Women are often subject to long work hours that creates an imbalance
within the work-family schedule.
There is research suggesting that women were able to function on a
part-time professional schedule compared to others who worked full-time
while still engaged in external family activities. The research also
suggests flexible work arrangements allow for the achievement of a
healthy work and family balance. A difference has also been discovered
in the cost and amount of effort in childbearing amongst women in higher
skilled positions and roles, as opposed to women in lower-skilled jobs.
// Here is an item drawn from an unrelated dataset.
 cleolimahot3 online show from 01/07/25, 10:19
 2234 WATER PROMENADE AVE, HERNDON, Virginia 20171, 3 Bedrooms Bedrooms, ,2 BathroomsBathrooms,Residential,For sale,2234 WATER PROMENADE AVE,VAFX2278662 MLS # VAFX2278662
This difference leads to women delaying and postponing goals and career
aspirations over a number of years. A large number of women across the
country who have vocational/professional certifications and degrees have
been found to be not a part of the working force at the estimated rate
more than twice times as male counterparts. Also, the Deloitte Touche,
a professional hiring service firm, confirmed that they had recorded
dropout rates in each entering class of hires and reported that indeed
women's rates were very high compared to males due to mother- and
family-related responsibilities.
Concrete floor
The term concrete floor
has been used to refer to the minimum number or the proportion of women
necessary for a cabinet or board of directors to be perceived as
legitimate.
Cross-cultural context
Few
women tend to reach positions in upper echelon and organizations are
largely still almost exclusively lead by men. Studies have shown that
the glass ceiling still exists in varying levels in different nations
and regions across the world.
The stereotypes of women as emotional and sensitive could be seen as
key characteristics as to why women struggle to break the glass ceiling.
It is clear that even though societies differ from one another by
culture, beliefs and norms, they hold similar expectations of women and
their role in the society. These female stereotypes are often reinforced
in societies that have traditional expectations of women.
The stereotypes and perceptions of women are changing slowly across the
world, which also reduces gender segregation in organizations.